4.2 Pose and Illumination-Invariant Face Recognition (PIFR)

The results presented in the Table 1, compares our method against other methods for Pose and illumination-invariant face recognition (PIFR). In other words, we evaluate face recognition while varying illumination and pose.

Table 1. Recognition rate (%) on the Multi-PIE dataset [8] across pose and illumination variations

The state of the art method could be classified into two subsets. Deep learning based methods [28,29,30] and 3D based methods [13, 14, 31]. Our method outperform both deep learning and 3D based methods, and takes benefit from both technologies. By analyzing the results of the 3D based models [13, 14, 31], we could notice that the use of a 3DMM is well adapted to deal with extreme variations in pose and illumination. Besides, our method obtain much more interesting results, and this is more notable in right and left profile.

To conclude, we notice that the use of the mesh-LBP on 3D data are useful to provide a robust facial feature against illumination and pose.

4.3 Facial Expression Invariant Face Recognition

We tested our method on the Bosphorus dataset, which present seven variation in facial expressions. Results are presented in Table 2.

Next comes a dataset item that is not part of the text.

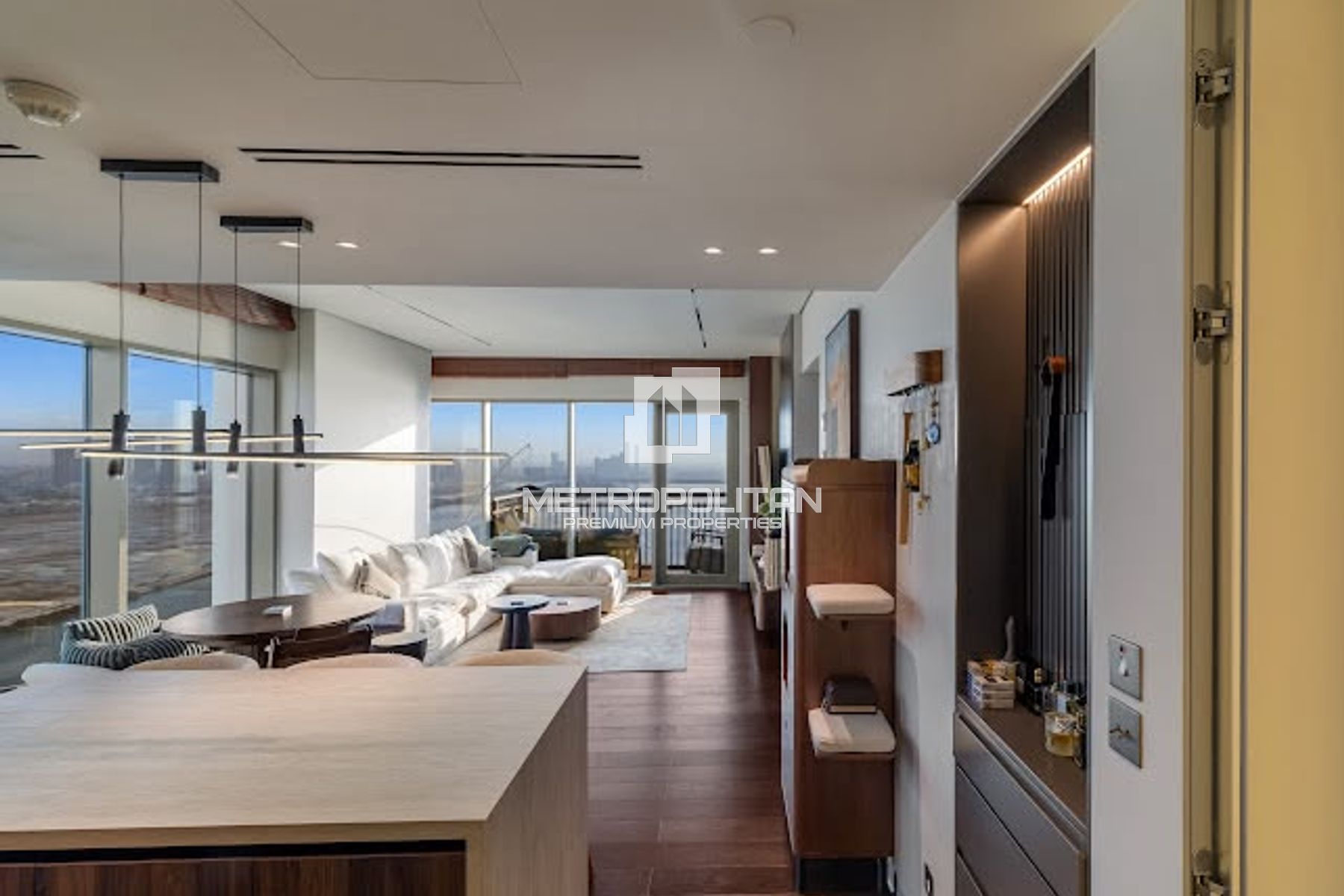 Fully Upgraded and Furnished | High Floor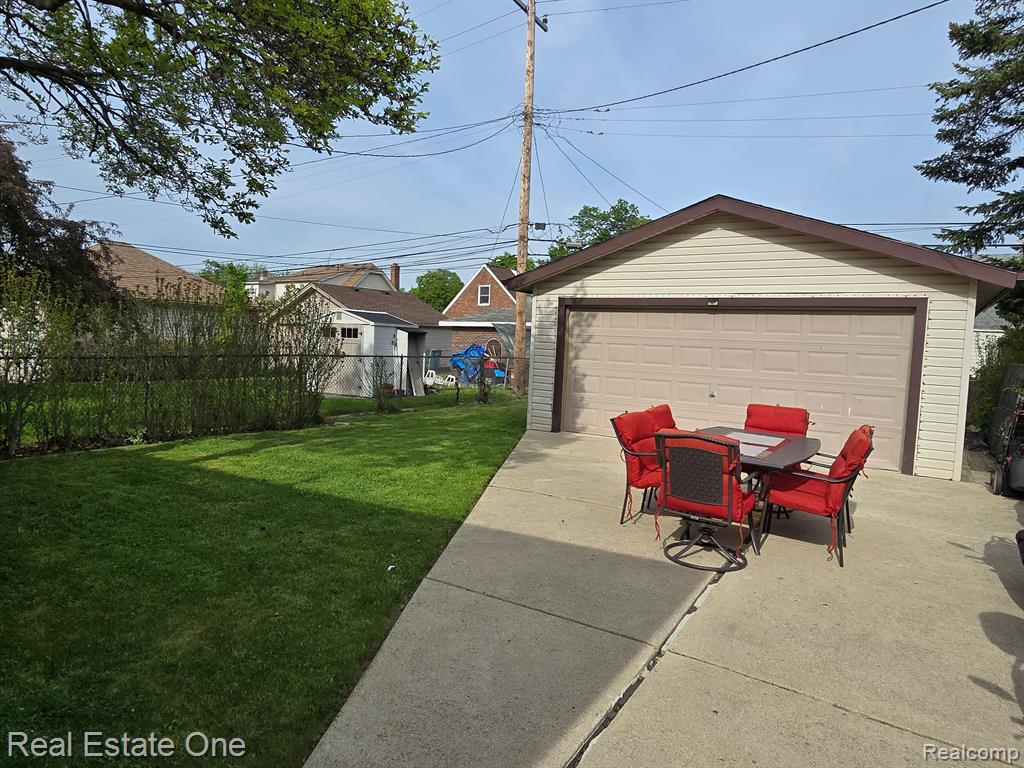 6624 MAPLE Street, Dearborn, MI 48126 — Photo 28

Table 2. Recognition rate (%) across facial expressions on the Bosphorus dataset

Considering all results, we note that our method is more efficient than the state-of-the-art methods. In addition, the accuracy obtained for neutral emotion is always the highest and several methods achieve 100% accuracy since neutral face is the most common emotion. However, this accuracy decreases while varying facial expressions. Furthermore, disgust and sadness are measured with the lowest accuracy because these emotions are usually unpredictable.

On the one hand, when comparing our method and the Mesh-LBP, we observe that our results and those of the Mesh-LBP are competitive. Furthermore, our method achieves better results, in particular for the DISGUST and HAPPY emotions with an improvement of 10% and 8% respectively. This evolution is due to the learning process and the descriptors extracted from the 3D data

Table 3. Face verification ratio using the LFW and YTF datasets

4.4 Face Verification

We evaluate our model against deep face recognition methods on LFW and YTF datasets. Results are presented in the two Tables 3a and 3b. the methods in Table 3a use face image generation for enhancing face recognition results. These methods provide good result, but it is still limited. This limitation is due mainly to the images used in the generation process or the recognition method used.

Looking to Table 3b, our method do not achieve higher values such as [19, 20, 36]. But, improvement is always possible. Our method outperforms some of the well known deep learning method, and provide results that are concurrent to other methods.

5 Conclusion

Face recognition is considered as one of the most complex systems in the field of pattern recognition due to many constraints that are cased by face image appearance variation (accessories, occlusion, illumination, resolution).

In this paper, we propose to combine a 3D model-based alignment, an LBP descriptor constructed on the 3D mesh with a CNN model in order to predict facial identity. The obtained results are quite convincing. Thus, we could conclude that our method achieve higher rates compared to state of the art methods. While indicating that our method does not surpass some others. On the basis of the promising findings presented in this paper, work on the remaining issues is continuing and will be presented in future papers.